Bishops on both coasts have taken steps in advance of the 75th General Convention to clarify their ownership claim to parish property in the event of a split. Last month Executive Council authorized an expenditure of $100,000 from short-term reserves for the House of Bishops’ ad hoc task force on property disputes.
“It is the belief of the ad hoc task force that in the event parishes are successful in taking without just compensation the Episcopal Church’s real and personal property, some dioceses and parishes will confront and experience severe financial situations which could result in jeopardizing of their financial existence, integrity and stability,” council said in resolution AF-112, which was adopted March 8 in Philadelphia. “The ad hoc task force is also of the belief that some dioceses and parishes may not have the financial resources to support litigation to undertake appropriate legal actions to prevent a taking of their property.”
Portions of two congregations in the Diocese of San Diego have left the Episcopal Church within the past few months.
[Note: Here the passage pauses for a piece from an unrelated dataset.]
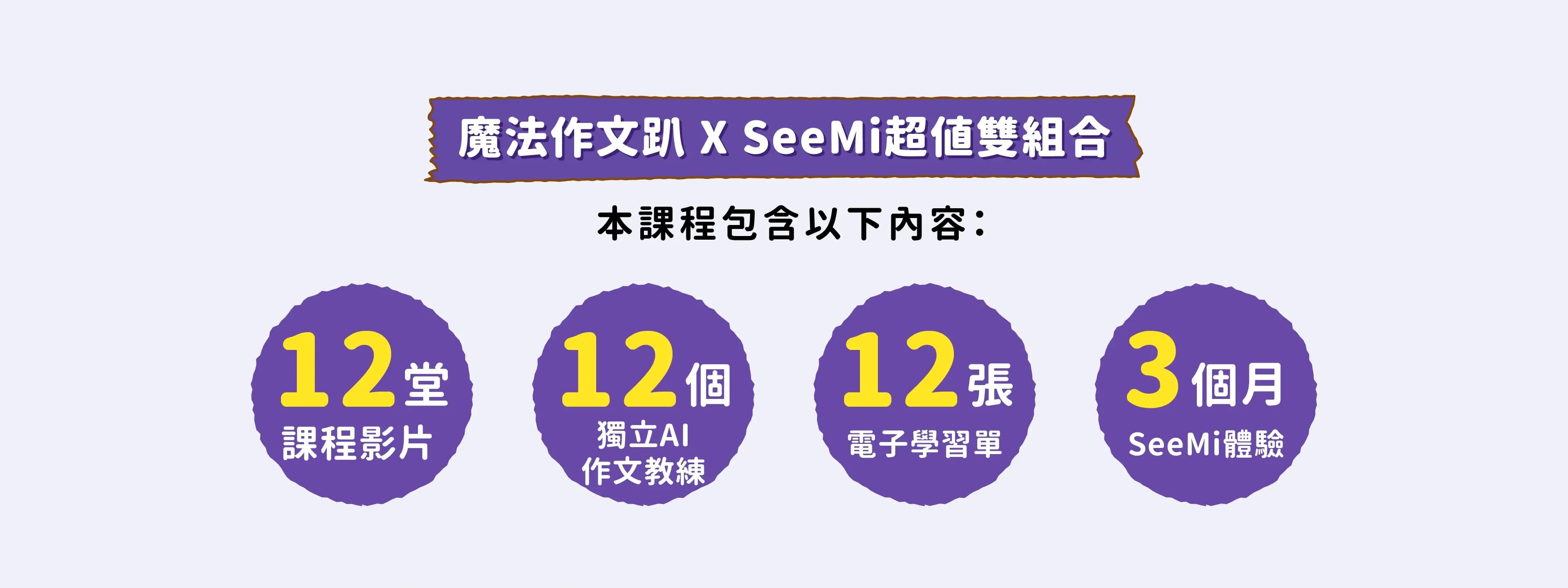 溫美玉魔法作文趴產品內容包含12堂影片課程、12個Ai獨立作文教練、SeeMi體驗3個月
The rector and a number of congregants of Christ the King in Alpine chose to leave and start a new congregation, Blessed Trinity, in December. St. Anne’s, Oceanside, decided in a majority vote in January to affiliate with the Anglican Province of the Southern Cone under the assumption that they would keep the property. Portions of both Episcopal congregations continue to worship regularly, Christ the King at their church in Alpine and St. Anne's at All Saint's Cemetary Chapel in Oceanside.
California courts generally do not defer to church canons relying instead on neutral principles of law to adjudicate church property disputes. As a result of lower court rulings last year, three parishes in the Diocese of Los Angeles were permitted to retain their property after voting to leave the Episcopal Church. The decision is being appealed.
The Rt. Rev. James R. Mathes, Bishop of San Diego, issued a pastoral directive April 19 that requires all rectors in his jurisdiction to submit by May 20 copies of parish articles of incorporation, parish by-laws, employment contracts, title to a real property, balance sheets for the past two years and evidence of appropriate surety bond as required by canons.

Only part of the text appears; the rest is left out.